When the application stops responding, the windows desktop also stops responding to mouse clicks, although some other already running applications are working fine at that time (for example windbg works fine, ProcessExplorer refreshes its screen, but does not respond to mouse events). While the application is non responsive, it is actually taking about 80% of one CPU core.

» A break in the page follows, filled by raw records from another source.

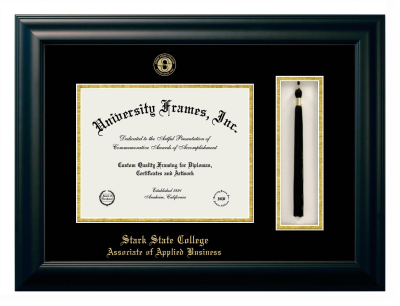 Diploma with Tassel Box Frame in Satin Black with Black & Gold Mats for DOCUMENT: 8 1/2"H X 11"W  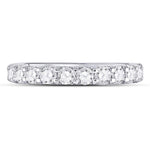 14kt White Gold Womens Round Diamond Single Row Machine-set Wedding Band 1 Cttw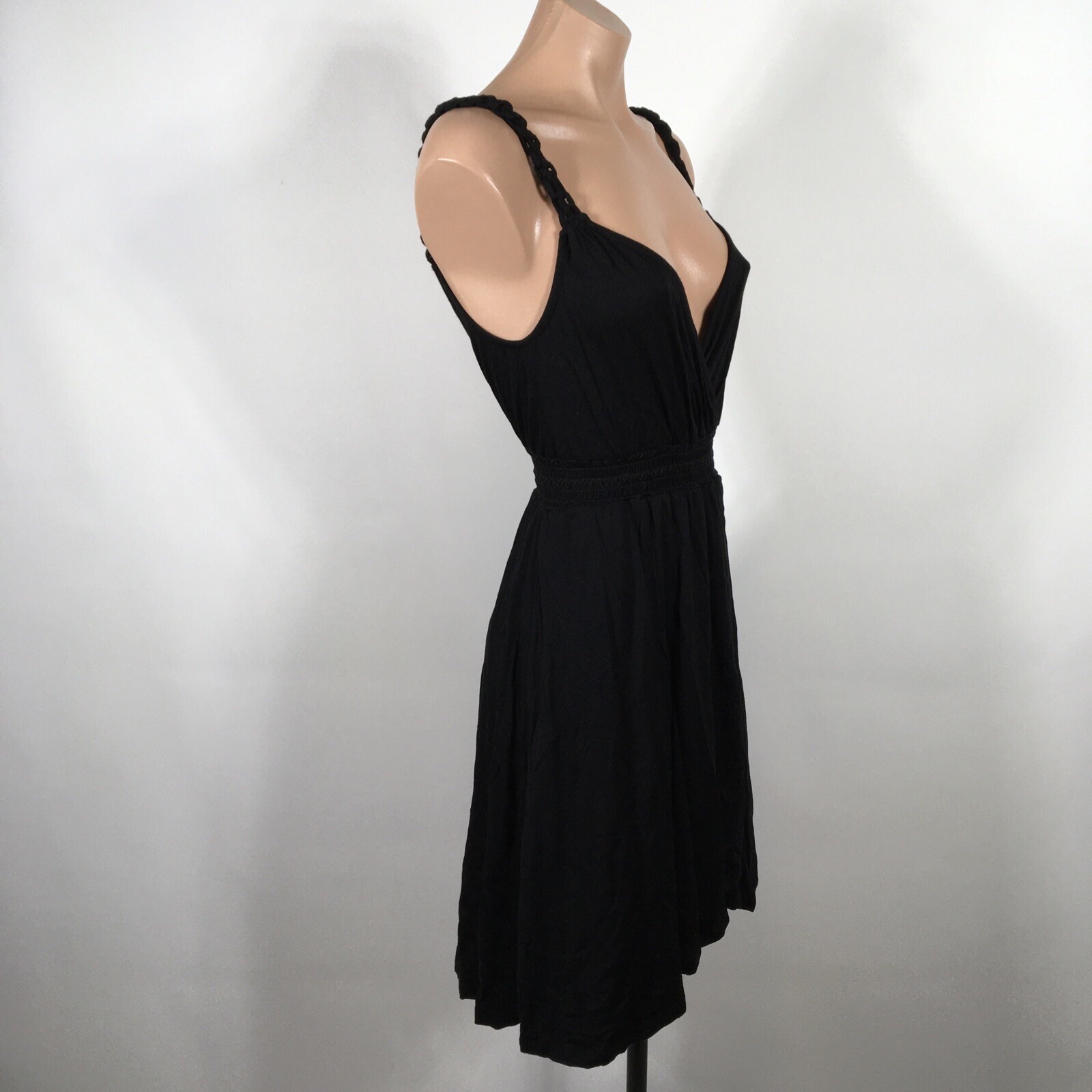 Ella Moss Crossover Braided Knotted Strap Black A-Line Fit Flare Summer Dress XS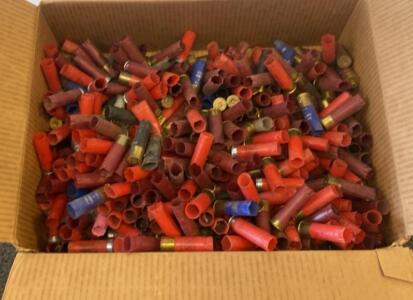 Assorted 12 Gauge Shotgun Shell Hulls, Approx. 200-400 Spent Casings, Various Colors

That is why I would like to get a stacktrace.

The misbehaving application usually takes about 2-3 minutes to do its strange job or if Ctrl+Esc is pressed it becomes responsive immediately (and the start menu opens of course...)

I have WinDbg attached to the misbehaving application and when I issue the Break command, the break-in does not happen until the application starts to respond again.

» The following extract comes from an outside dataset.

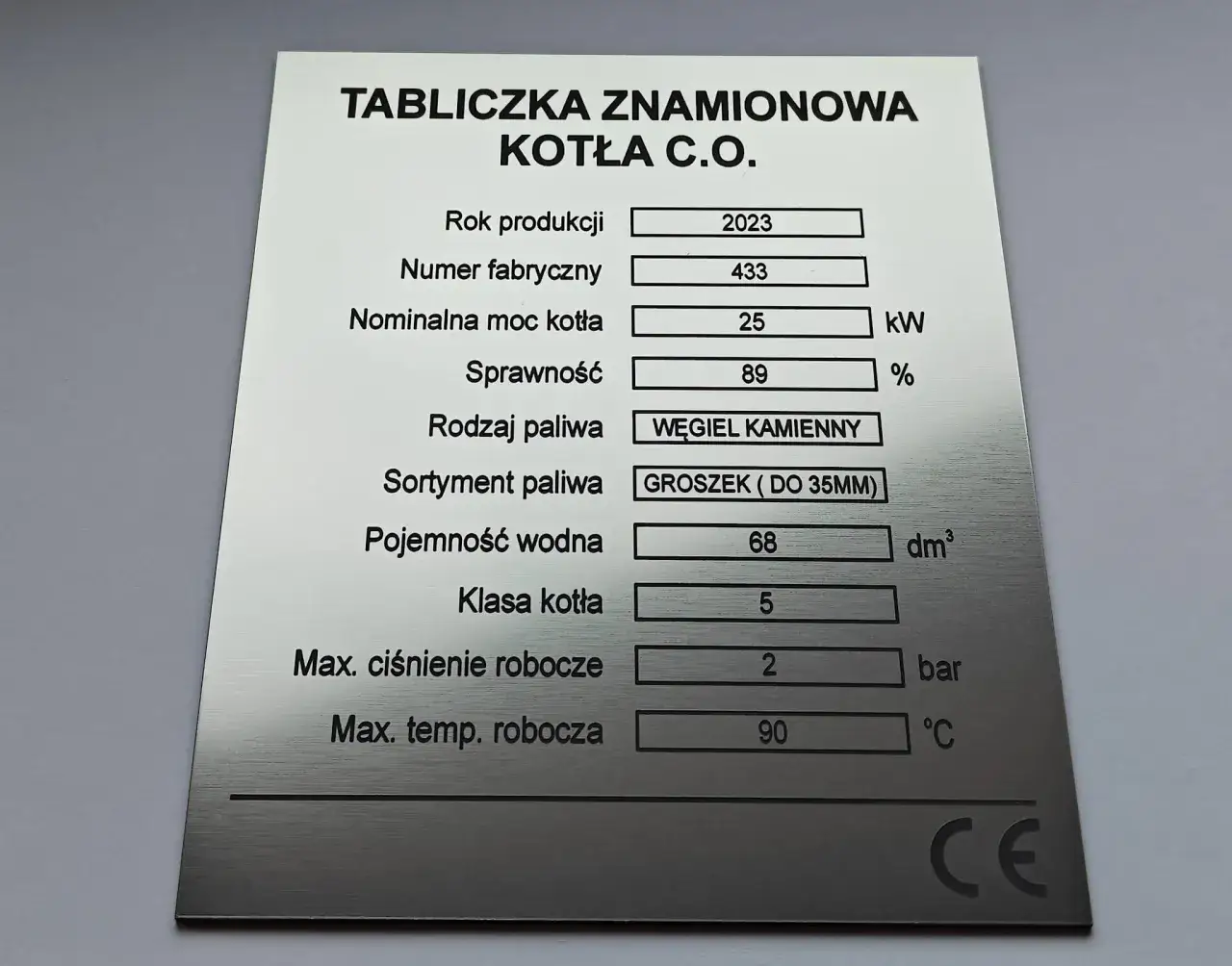tabliczka znamionowa kotła grzewczego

From what I understand the break-in actually creates a remote thread which pretty soon calls DbgBreakPoint.

What could be preventing debugger's thread from executing?

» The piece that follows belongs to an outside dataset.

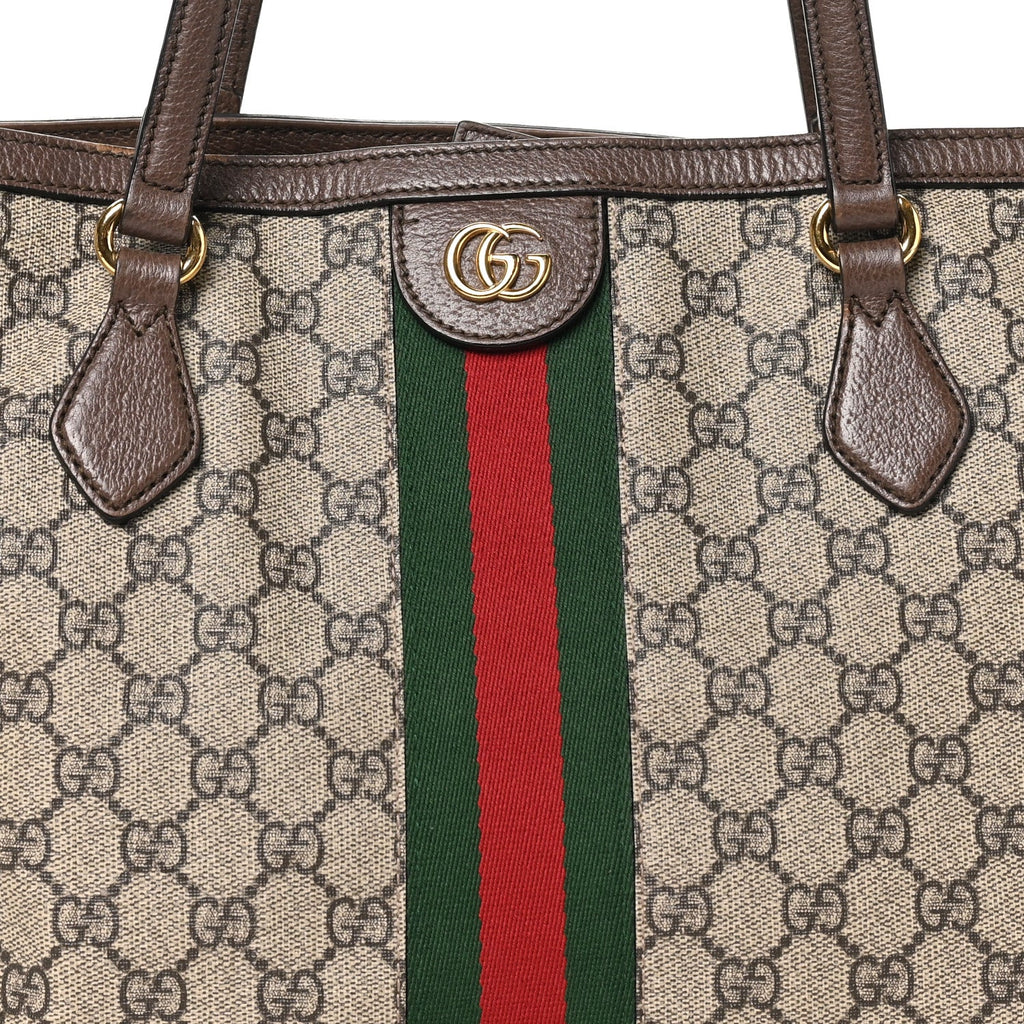 GG Supreme Monogram Medium Ophidia Shopping Tote Brown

EDIT: First of all thanks for your help!

I was also thinking that this might be caused by a bad device driver or something that installs a system wide hook somewhere.

I was thinking to enable kernel debugging and get a stack trace from the kernel for the offending thread or enable manual bluescreen trigger to produce a dump and look at that afterwards.

Process Explorer and Process Monitor does not reveal anything interesting. They also become unusable when the bug is triggered (updating their windows but not responsive to mouse or keyboard).

EDIT2: Background info: App uses QT, OpenGL and also DirectSound and runs on Windows 7 SP1 x64 I am currently suspecting something with the graphics part.

The strange thing is that if a system-wide lock is taken (like GDI Lock), this would prevent drawing of other Windows, but that does not happen. WinDbg on same machine works fine. ProcessExplorer updates but does not receive mouse clicks, Desktop updates but no mouse clicks.

I currently have a kernel debugger attached...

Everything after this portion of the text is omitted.